A fine is probably on the better end of consequences. If things go bad for her and a brown bites her she will know about it and we all know that you have a greater chance of being bitten trying to kill a snake.


----------



## $NaKe PiMp (Apr 27, 2013)

harlemrain said:


> I know I told her that but she has two young ones and didn't want to risk it :/ still shouldn't have though thanks guys ill find out how much it is for her



tell her especially killing a species (Red Bellied Black Snake)which has not caused even 1 official fatality in an adult or a child,so pointless killing a creature that has done nothing.

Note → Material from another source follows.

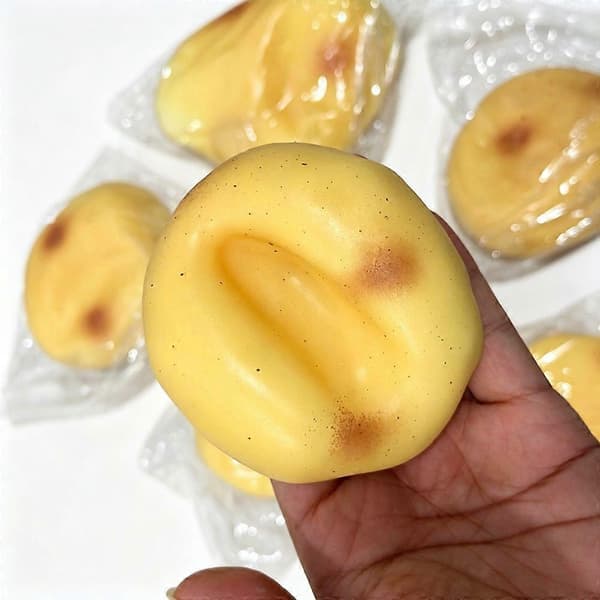 Potatis Squishy Ball 6cm, Supermjuka Långsamt Stigande Stressbollar Klämleksaker, Upprepade Deformerbara Sensoriska Ångestlindrande Leksaker för Barn Vuxna Fest 2Pcs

Tell her to whack any dog she sees on the head as dogs have killed people,also run any car you see off road cause cars kill people.Then get rid of your car cause there not worth the risk cause you can die in one.
making ant sense ?


----------



## harlemrain (Apr 27, 2013)

I have her a good lecture lol but by that time it was too late, am gonna try and organise to get this one removed so she doesn't again


----------